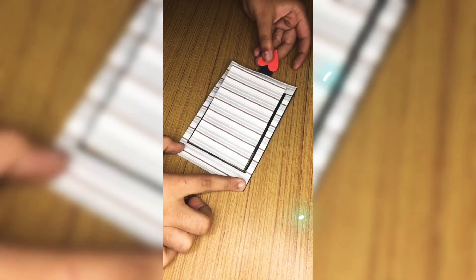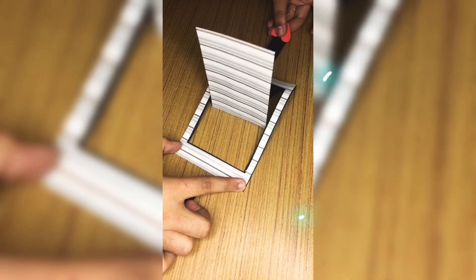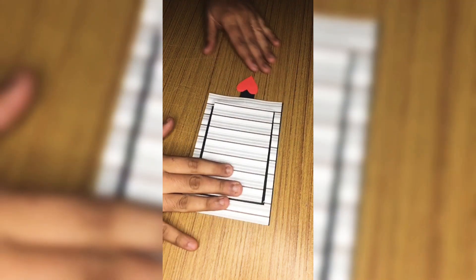Hi friends, welcome to Dhruvivadwana's art studio. Today I am going to teach you how to make a slider card for your scrapbook.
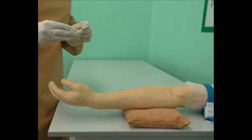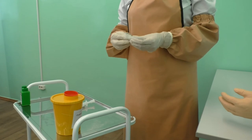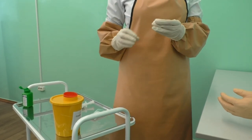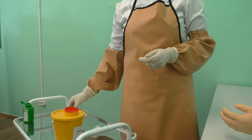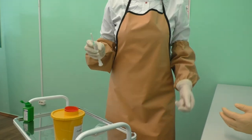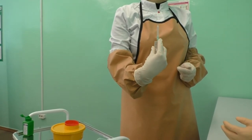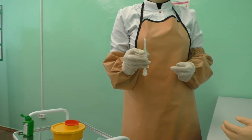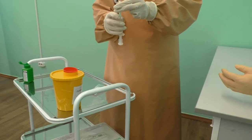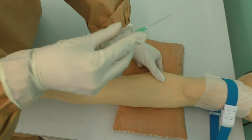Take the cotton ball with antiseptic in your right hand. Hold with your fourth and fifth fingers. Take the syringe from the package in your dominant hand. Place the second finger on the hub of the needle, with the other fingers on the syringe barrel. Remove the needle cap with your left hand and check the position of the needle. Fix the vein in the venipuncture area with the first finger of your non-dominant hand.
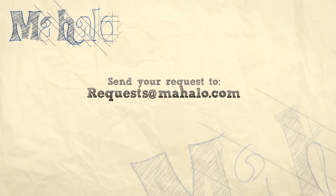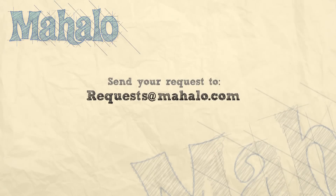What's up, viewers? You're doing a great job. Thanks for joining me today. If you have any requests, please email them to request at mahalo.com. And be sure to check out our other videos. Most of all, have fun and keep playing.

*WORK TASK*
Retype the data in full. Images do not go in the copy.

*RESPONSE TO THE EXERCISE*
Hi friends, welcome to Dhruvivadwana's art studio. Today I am going to teach you how to make a slider card for your scrapbook.
Take the cotton ball with antiseptic in your right hand. Hold with your fourth and fifth fingers. Take the syringe from the package in your dominant hand. Place the second finger on the hub of the needle, with the other fingers on the syringe barrel. Remove the needle cap with your left hand and check the position of the needle. Fix the vein in the venipuncture area with the first finger of your non-dominant hand.
What's up, viewers? You're doing a great job. Thanks for joining me today. If you have any requests, please email them to request at mahalo.com. And be sure to check out our other videos. Most of all, have fun and keep playing.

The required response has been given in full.